Snow-Volleyball in der Halle

Ein Tiefdruckgebiet hatte die kleine iranische Stadt Amol am Kaspischen Meer voll im Griff. Es war der heftigste Kälteeinbruch in den letzten 20 Jahren und genau in dieser Zeit hatten wir dort ein Auswärtsspiel. Gestartet sind wir noch bei schönstem Sonnenschein in Tabriz und keine acht Stunden und 800 km später erreichten wir unser Ziel im dichten Schneetreiben. Schnee ist hier ein eher seltener Gast. Natürlich gibt es Schnee in dieser Region, aber eigentlich nur im ca. 20 km südlichem Elburs-Gebirge mit Gipfeln die locker die 5000m Marke knacken. Im Flachland am Kaspischen Meer kennt man eigentlich nur Sonne und Urlaub.
Foto Dirk Westphal: ein seltener Anblick im iranischen Flachland: Schnee
Dass für die Menschen hier Schnee eher etwas Ungewöhnliches ist, merkte man auch ganz besonders daran, dass in der Halle nur sporadische, stark veraltete Heizkörper angebracht waren. Der kleine Heizstab der Elektroheizung flackerte nur ganz leicht auf und schenkte uns bedingt Wärme. Das Thermometer zeigte aber trotzdem immerhin stolze zwei Grad Celsius an. An Volleyball war bei diesen Bedingungen gar nicht zu denken. Nach einer kurzen Beratung zwischen Schiedsgericht und den beiden Trainern einigte man sich einvernehmlich, dass das Spiel trotzdem stattfinden wird.
Voller Entsetzen blickte ich zu meinen Mitspielern, die, anderes als ich, völlig gefasst wirkten und damit wahrscheinlich schon gerechnet hatten. Auf meine fragenden Blicke bekam ich nur die Antwort: „This is not Europe!“. Um gleich danach erschreckend festzustellen, wie mein Atem vor mir kondensierte. Die Tatsache, dass drei der vier Linienrichter auch nicht da waren und noch 30 km vor Amol im Stau standen, kümmerte auch keinen.
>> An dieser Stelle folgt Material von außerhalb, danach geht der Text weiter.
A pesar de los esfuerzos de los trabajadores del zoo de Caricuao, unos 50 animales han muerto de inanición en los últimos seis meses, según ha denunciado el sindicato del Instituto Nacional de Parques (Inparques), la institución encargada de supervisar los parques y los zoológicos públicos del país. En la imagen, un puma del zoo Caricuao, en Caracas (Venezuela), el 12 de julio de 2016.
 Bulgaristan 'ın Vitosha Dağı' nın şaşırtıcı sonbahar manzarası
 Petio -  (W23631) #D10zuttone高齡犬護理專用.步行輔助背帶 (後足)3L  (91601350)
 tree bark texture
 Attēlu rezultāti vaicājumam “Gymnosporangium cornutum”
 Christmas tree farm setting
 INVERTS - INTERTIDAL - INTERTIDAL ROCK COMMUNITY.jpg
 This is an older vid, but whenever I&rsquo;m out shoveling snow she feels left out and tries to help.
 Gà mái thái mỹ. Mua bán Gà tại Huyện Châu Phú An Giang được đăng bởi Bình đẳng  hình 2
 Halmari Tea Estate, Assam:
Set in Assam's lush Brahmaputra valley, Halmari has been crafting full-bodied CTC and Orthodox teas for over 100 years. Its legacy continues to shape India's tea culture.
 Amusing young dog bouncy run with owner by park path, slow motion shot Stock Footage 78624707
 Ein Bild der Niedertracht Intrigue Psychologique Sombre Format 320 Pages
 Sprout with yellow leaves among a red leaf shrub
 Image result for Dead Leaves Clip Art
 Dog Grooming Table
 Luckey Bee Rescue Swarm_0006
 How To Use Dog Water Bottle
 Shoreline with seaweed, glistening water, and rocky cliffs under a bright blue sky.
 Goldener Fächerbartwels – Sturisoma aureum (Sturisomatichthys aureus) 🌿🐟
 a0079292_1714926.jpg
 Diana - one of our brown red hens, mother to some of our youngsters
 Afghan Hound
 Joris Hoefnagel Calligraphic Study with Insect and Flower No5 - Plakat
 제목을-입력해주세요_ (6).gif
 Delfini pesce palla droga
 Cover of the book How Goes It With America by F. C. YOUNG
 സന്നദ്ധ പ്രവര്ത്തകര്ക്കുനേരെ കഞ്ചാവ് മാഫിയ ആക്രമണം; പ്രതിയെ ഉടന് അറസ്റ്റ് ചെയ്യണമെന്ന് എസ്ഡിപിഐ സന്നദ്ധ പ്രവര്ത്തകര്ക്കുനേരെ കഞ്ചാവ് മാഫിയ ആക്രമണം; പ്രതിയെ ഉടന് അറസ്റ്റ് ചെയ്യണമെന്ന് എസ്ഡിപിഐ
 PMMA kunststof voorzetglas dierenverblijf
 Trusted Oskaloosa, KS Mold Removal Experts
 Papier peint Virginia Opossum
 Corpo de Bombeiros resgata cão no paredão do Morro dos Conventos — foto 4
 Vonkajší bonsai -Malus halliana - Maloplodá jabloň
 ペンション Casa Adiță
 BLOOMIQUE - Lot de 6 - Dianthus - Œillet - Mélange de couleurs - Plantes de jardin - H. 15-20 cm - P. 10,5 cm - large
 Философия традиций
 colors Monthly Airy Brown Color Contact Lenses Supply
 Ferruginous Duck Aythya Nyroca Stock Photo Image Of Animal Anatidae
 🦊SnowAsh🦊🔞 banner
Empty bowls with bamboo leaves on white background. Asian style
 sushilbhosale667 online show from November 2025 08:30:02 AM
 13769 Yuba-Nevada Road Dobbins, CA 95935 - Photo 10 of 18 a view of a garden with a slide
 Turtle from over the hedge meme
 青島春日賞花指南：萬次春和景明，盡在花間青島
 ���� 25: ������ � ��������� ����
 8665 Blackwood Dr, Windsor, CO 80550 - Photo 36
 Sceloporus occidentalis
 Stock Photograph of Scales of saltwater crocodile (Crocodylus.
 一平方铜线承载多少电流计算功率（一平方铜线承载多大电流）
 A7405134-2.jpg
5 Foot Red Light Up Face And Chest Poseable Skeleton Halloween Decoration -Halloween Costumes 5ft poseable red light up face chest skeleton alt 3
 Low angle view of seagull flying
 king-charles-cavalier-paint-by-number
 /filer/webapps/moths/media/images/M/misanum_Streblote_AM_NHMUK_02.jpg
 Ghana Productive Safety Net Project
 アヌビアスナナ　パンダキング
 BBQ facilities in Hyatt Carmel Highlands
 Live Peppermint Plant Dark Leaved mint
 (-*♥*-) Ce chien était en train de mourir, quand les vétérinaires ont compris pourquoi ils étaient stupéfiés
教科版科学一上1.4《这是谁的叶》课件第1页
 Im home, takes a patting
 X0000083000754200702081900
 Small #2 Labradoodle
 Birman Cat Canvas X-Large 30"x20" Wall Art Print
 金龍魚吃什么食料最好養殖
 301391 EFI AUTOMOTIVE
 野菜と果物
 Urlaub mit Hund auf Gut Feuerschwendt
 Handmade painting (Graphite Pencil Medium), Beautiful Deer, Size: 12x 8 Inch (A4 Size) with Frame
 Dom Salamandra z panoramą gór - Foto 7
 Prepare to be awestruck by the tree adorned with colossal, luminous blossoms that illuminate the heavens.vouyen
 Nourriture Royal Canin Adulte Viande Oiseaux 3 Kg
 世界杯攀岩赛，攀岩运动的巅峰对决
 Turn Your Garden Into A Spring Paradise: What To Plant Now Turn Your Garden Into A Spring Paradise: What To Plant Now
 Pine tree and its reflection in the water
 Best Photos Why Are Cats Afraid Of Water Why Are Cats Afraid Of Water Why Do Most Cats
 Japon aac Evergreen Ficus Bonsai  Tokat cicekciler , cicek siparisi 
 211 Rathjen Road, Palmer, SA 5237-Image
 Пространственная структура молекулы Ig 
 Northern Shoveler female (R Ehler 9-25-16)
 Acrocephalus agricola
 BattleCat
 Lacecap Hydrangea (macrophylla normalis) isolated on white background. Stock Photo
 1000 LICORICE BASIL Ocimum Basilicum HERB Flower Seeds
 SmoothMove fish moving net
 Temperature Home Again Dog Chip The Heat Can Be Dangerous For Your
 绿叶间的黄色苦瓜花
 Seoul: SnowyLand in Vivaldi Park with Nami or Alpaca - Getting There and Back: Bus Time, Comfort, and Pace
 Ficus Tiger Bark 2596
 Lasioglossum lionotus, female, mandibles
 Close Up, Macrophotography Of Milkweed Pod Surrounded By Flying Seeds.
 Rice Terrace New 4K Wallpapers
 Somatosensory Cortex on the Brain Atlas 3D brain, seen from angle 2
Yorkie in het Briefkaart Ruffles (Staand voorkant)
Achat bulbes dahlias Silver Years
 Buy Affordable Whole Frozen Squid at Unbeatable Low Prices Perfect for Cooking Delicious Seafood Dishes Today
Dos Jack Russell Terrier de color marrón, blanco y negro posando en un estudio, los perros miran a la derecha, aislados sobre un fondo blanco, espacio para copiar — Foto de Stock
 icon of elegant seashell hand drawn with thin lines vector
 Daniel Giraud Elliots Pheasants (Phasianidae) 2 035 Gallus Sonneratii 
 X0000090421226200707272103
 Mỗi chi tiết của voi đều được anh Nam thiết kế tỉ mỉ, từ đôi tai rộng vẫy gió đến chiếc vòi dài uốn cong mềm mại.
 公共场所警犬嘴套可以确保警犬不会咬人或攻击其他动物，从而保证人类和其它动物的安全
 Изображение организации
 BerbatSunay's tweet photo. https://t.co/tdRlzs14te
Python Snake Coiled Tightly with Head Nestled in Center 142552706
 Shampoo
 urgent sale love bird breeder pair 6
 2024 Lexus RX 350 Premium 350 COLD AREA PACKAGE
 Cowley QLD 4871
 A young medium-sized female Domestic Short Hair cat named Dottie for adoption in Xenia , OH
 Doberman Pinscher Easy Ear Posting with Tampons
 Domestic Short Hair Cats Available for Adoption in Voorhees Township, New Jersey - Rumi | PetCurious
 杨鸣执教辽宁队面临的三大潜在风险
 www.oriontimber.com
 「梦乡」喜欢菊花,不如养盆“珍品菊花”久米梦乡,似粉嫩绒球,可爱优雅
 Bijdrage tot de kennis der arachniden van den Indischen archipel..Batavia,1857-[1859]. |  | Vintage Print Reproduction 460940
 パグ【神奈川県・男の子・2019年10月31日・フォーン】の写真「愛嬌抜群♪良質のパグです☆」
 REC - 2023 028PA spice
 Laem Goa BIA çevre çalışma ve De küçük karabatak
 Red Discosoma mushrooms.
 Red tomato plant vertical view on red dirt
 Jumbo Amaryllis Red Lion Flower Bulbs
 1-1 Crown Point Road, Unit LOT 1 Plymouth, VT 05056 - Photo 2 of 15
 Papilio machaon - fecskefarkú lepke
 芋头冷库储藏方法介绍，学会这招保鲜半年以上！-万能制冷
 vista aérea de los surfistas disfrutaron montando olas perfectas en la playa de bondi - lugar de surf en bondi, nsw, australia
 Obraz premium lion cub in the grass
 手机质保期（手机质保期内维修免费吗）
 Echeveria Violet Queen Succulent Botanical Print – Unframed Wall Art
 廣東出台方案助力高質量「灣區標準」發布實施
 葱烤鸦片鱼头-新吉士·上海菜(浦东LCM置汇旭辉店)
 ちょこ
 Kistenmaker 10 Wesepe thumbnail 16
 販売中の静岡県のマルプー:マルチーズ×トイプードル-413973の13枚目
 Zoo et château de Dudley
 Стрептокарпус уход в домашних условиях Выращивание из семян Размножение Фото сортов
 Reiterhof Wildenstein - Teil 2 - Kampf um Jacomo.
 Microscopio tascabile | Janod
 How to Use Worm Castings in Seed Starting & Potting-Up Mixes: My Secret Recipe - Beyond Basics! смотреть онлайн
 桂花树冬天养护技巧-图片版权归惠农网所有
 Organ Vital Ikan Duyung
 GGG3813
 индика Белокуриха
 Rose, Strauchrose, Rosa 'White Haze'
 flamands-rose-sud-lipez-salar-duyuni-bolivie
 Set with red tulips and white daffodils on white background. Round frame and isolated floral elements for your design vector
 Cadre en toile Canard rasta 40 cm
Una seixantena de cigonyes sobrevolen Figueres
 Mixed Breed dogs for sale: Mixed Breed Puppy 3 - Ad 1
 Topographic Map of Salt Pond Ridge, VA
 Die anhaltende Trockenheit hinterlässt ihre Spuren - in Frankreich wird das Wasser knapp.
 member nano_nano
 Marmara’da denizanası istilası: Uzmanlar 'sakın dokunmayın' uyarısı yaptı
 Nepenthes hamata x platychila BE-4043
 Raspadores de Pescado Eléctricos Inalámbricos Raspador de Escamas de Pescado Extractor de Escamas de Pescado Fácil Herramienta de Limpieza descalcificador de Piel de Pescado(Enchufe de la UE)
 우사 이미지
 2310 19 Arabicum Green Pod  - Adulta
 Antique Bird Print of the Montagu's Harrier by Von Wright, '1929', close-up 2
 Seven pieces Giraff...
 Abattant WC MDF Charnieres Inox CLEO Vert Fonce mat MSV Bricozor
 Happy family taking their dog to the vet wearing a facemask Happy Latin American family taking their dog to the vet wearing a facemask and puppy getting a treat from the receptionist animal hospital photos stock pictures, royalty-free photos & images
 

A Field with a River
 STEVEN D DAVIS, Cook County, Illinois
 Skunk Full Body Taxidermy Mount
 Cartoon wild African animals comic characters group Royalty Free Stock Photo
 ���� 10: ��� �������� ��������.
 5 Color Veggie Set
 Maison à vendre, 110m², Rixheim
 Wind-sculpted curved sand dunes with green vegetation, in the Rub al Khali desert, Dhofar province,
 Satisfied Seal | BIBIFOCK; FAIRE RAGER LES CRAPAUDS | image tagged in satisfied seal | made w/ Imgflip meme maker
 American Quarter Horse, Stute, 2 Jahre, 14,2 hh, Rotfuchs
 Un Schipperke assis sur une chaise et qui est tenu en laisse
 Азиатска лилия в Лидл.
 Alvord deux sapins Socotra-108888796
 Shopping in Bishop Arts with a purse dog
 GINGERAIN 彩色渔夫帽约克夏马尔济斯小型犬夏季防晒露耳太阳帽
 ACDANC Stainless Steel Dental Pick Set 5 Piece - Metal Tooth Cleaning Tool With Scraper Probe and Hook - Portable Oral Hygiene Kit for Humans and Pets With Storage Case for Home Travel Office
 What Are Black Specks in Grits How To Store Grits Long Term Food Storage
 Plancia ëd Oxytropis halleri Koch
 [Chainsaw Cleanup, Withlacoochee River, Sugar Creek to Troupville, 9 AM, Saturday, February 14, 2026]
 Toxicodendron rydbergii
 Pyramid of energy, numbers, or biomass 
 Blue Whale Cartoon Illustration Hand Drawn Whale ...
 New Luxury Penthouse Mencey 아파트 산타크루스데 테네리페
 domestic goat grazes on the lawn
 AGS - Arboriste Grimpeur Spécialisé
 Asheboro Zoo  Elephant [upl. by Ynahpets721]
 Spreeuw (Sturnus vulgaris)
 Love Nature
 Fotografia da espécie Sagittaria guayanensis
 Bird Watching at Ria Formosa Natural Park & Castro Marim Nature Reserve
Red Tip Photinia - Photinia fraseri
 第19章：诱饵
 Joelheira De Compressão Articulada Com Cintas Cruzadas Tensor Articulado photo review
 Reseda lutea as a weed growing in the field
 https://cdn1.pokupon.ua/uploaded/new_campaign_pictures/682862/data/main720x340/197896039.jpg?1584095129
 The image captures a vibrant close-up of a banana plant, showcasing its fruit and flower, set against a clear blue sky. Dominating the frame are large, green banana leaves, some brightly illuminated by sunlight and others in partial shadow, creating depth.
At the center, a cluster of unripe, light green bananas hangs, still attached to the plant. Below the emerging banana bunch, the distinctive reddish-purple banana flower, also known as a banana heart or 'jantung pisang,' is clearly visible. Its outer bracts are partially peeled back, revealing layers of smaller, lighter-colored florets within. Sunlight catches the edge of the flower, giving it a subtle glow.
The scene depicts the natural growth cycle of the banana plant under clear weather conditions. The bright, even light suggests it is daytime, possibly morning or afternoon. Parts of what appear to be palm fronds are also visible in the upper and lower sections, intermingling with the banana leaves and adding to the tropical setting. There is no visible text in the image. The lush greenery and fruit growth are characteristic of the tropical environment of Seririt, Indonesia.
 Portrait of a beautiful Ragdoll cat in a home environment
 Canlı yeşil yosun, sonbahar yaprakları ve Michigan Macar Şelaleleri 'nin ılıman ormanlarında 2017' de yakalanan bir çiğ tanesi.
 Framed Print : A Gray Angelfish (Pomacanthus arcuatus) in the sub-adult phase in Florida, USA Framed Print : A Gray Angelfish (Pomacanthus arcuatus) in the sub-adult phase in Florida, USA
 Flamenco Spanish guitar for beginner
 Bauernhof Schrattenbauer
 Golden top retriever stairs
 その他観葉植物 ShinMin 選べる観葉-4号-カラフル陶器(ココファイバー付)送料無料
Es kommt also wie es kommen musste und wir machten uns an die Erwärmung. Kurz bevor wir ans Einschlagen gingen, brach zu allem Überfluss der Strom zusammen und in der Halle war es plötzlich stockduster. Unter den ganzen Schneemassen, so erfahren wir später, war die ganze Stromversorgung in der Stadt zusammen gebrochen. Es herrschte eine riesige Aufregung in der Halle. Eine komische Kombination aus wild flackernden Smartphonelichtern und wild durcheinander redenden Menschen machte sich auf dem Spielfeld breit. Alle redeten, doch keiner wusste, was passiert war und alles wirkte irgendwie planlos. Erst hieß es, es geht in 10 Minuten weiter, dann 20, dann 30. Ich versuchte herauszufinden, ob man dabei europäische oder iranische Minuten meinte und merkte, dass es wohl iranische waren, weil es nach gut einer Stunde immer noch dunkel blieb.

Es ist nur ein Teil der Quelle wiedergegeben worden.